**REQUIRED ACTION**
Go through the listing below from its first line and repeat each line exactly, ending at the line containing "Cámara instantánea para" and including it.

**RECORDS SHOWN**
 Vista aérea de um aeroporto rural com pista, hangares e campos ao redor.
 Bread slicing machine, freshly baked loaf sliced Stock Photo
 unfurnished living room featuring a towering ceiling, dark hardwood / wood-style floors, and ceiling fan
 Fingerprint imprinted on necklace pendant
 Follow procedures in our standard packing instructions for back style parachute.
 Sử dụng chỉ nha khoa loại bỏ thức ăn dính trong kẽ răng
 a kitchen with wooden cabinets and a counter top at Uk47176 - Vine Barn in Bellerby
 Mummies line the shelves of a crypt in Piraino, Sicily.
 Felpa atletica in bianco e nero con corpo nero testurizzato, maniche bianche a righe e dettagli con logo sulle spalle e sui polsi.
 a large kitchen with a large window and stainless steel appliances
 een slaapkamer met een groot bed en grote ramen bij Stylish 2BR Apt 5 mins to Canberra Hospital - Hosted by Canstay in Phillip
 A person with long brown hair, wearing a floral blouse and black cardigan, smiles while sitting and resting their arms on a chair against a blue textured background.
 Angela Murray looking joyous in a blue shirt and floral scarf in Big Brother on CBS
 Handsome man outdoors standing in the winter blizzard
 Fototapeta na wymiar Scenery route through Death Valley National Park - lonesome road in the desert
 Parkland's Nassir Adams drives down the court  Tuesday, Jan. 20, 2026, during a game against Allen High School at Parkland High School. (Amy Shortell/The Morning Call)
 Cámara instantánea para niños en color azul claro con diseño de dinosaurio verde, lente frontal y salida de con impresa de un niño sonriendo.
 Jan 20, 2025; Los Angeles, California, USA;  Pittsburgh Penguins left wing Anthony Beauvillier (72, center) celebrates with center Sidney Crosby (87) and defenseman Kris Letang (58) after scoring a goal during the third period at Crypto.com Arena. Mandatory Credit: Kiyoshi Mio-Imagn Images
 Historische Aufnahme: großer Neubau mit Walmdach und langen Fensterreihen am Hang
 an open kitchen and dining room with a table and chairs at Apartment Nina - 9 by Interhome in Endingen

**COMPLETED EXERCISE**
 Vista aérea de um aeroporto rural com pista, hangares e campos ao redor.
 Bread slicing machine, freshly baked loaf sliced Stock Photo
 unfurnished living room featuring a towering ceiling, dark hardwood / wood-style floors, and ceiling fan
 Fingerprint imprinted on necklace pendant
 Follow procedures in our standard packing instructions for back style parachute.
 Sử dụng chỉ nha khoa loại bỏ thức ăn dính trong kẽ răng
 a kitchen with wooden cabinets and a counter top at Uk47176 - Vine Barn in Bellerby
 Mummies line the shelves of a crypt in Piraino, Sicily.
 Felpa atletica in bianco e nero con corpo nero testurizzato, maniche bianche a righe e dettagli con logo sulle spalle e sui polsi.
 a large kitchen with a large window and stainless steel appliances
 een slaapkamer met een groot bed en grote ramen bij Stylish 2BR Apt 5 mins to Canberra Hospital - Hosted by Canstay in Phillip
 A person with long brown hair, wearing a floral blouse and black cardigan, smiles while sitting and resting their arms on a chair against a blue textured background.
 Angela Murray looking joyous in a blue shirt and floral scarf in Big Brother on CBS
 Handsome man outdoors standing in the winter blizzard
 Fototapeta na wymiar Scenery route through Death Valley National Park - lonesome road in the desert
 Parkland's Nassir Adams drives down the court  Tuesday, Jan. 20, 2026, during a game against Allen High School at Parkland High School. (Amy Shortell/The Morning Call)
 Cámara instantánea para niños en color azul claro con diseño de dinosaurio verde, lente frontal y salida de con impresa de un niño sonriendo.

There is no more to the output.